“Kecubung Biru, awas!”
“Bapak....”
Hampir saja ada panah yang meluncur mengenai gadis perawan itu. Untung ayahnya sigap. Dia berhasil menangkap panah yang hendak mengenainya. Loloskan maut yang mengancam jiwa sang anak.
Kecubung Biru, si anak gadis itu terdiam. Dia bergetar hebat. Tapi kemudian merayap. Mencari tempat terlindung.
Sementara panah-panah terus menghujani.
Pertarungan besar terjadi.
Pasukan Diponegoro terkepung. Disana musuh menghadang. Sudah banyak yang tewas.
Mereka masuk ke pemukiman penduduk.
Pasukan Keraton dan Kumpeni membabi buta dalam melakukan pembersihan pada para pemberontak. Semua yang ada di situ dibabat. Semua dianggap musuh. Hal ini disebabkan karena pasukan Diponegoro membaur bersama rakyat jelata.
Keadaan ini membuat tak jelas, mana orang desa, mana musuh. Sehingga banyak warga yang tak tahu menahu, ikut di bantai. Mereka ikut dicurigai sebagai pendukung laskar.
Termasuk Kecubung Biru dan ayahnya yang memang tengah berjuang. Dia terjebak diantara para pasukan yang bertikai. Harus ikut mengangkat senjata diantara hati yang ketakutan. Keterpaksaan ini imbas dari bingungnya pemikiran juga. Kalau diam diri, dia tak tega dengan sang ayah, tapi kalau ikut melawan, merasa tak bakalan sanggup, jika mesti menghadapi pasukan yang demikian kuat dan sangat berpengalaman. Juga kalau tinggal di rumah, tak bakalan ada yang membela, andai dia berada dalam tawanan musuh.
Rumah Pulung Jiwo digedor-gedor dengan kasar oleh orang-orang yang mengejarnya. Mereka yakin orang yang tengah diburu berada didalamnya.
Dikepung dari segala penjuru, akan diserbu jika kelihatan.
Tak ada jalan keluar. Melawan tak berani karena jumlah mereka banyak. Tak sebanding dengan orang-orang disini. Lagipula mereka terlatih. Tak mudah untuk menjatuhkannya, bahkan hanya untuk satu orang saja, diantara yang kuat itu.

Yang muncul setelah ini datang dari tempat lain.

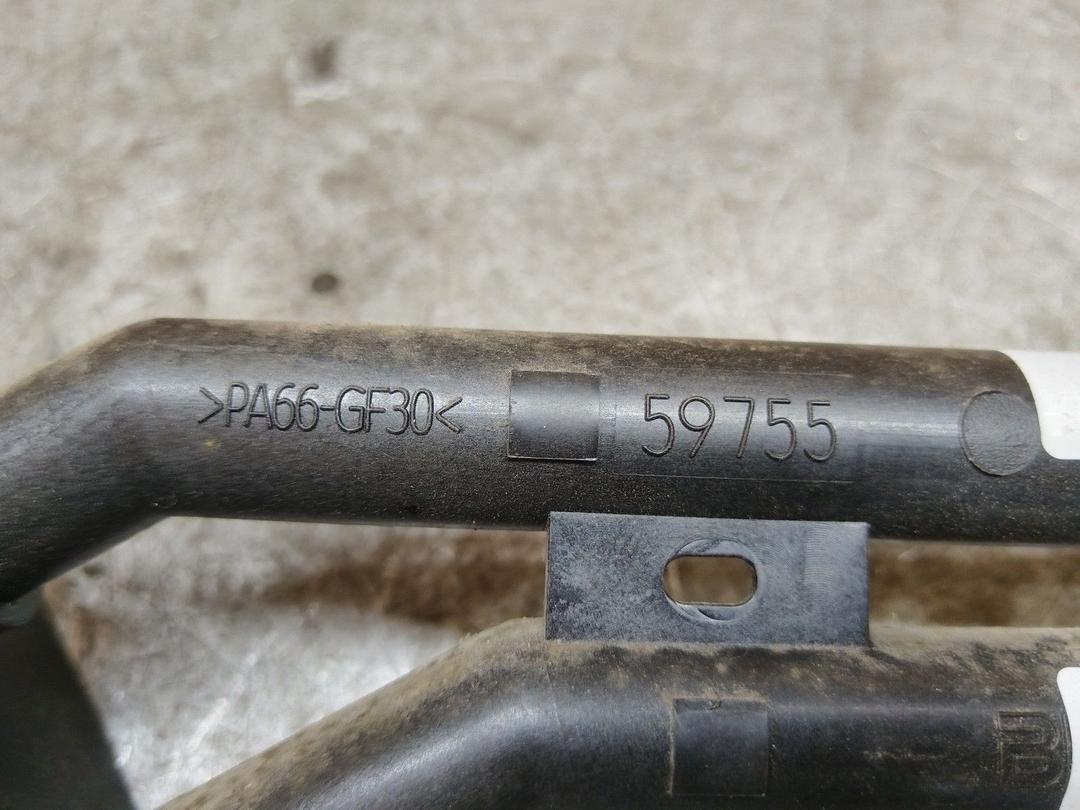 Патрубок отопителя (печки) DR2X1E Peugeot 307 купить с доставкой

Hingga kondisinya terjepit, dalam kepungan musuh yang banyak dan sangat rapat. Hampir tak ada celah sedikitpun. Berkelebat sedikit saja sudah langsung terlihat.
Kini apa yang bisa diperbuat. Tak ada.
Bersembunyi juga sia-sia, lama kelamaan pasti ketahuan.
Namun kali ini, hanya itu yang bisa dilakukan. Khususnya untuk sementara waktu.
Aku melihat mereka. Ingin membantu, setidaknya supaya mereka bisa bebas dari pembantaian, tapi tak kuasa. Aku sendiri terjepit. Kalau melihatku, mereka pasti bakalan menangkap, atau bahkan langsung melepaskan tembakannya. Dalam suasana yang serba membingungkan ini, tiap orang yang ada disekitar musuh, tentu akan langsung dicurigai, sebagai pendukung mereka atau anggota lawan. Untuk saling menyapa, tentu tak memungkinkan. Makanya keadaan yang kemungkinan dilakukan, hanya melumpuhkan orang yang dianggap musuh tersebut. Dan akibatnya, tentu fatal. Untung andai cuma menderita luka. Kalau sampai tewas, tentu kemungkinan buruk yang kerap terjadi.
Panah-panah terus menghujani rumah-rumah itu, diantara teriakan-teriakan musuh yang terus terdengar, menyuruh orang-orang untuk menyerah.
Mayat-mayat nampak bergelimpangan. Banyak anak buah Diponegoro yang tewas didalamnya.
Ada yang kena peluru kumpeni, ada yang digorok prajurit keraton, kena panah, kena tusuk tombak juga tertembus keris ampuh.
Kampung di lembah Menoreh, kini membara. Pertempuran sengit hingga menyebabkan pertumpahan darah, terus terjadi. Mereka-mereka terus melakukan pengejaran. Dan laskar enggan menyerah.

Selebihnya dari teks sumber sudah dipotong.